[Brief descriptive captions]
= = = =
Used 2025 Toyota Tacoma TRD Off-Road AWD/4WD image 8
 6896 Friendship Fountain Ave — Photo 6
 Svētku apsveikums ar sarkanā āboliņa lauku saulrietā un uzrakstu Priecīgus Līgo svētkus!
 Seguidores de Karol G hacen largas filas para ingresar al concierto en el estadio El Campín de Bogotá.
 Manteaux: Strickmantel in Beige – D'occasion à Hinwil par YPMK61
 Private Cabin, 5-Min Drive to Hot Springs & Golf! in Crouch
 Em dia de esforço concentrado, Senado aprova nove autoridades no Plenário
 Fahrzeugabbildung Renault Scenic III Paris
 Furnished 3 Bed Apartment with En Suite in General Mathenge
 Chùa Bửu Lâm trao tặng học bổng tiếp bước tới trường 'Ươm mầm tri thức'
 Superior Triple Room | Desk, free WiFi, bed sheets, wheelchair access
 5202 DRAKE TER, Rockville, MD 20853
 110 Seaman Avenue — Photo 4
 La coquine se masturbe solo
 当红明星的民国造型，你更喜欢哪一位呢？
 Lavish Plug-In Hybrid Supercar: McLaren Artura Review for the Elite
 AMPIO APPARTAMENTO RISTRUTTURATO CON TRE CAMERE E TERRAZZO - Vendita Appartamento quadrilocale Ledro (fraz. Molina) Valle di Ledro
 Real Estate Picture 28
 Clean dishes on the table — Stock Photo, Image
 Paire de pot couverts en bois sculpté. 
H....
= = = =
■ AIM OF THE EXERCISE:
Scan the data for lines with the word "Photo". Report only how many there are.

■ EXERCISE ANSWER:
3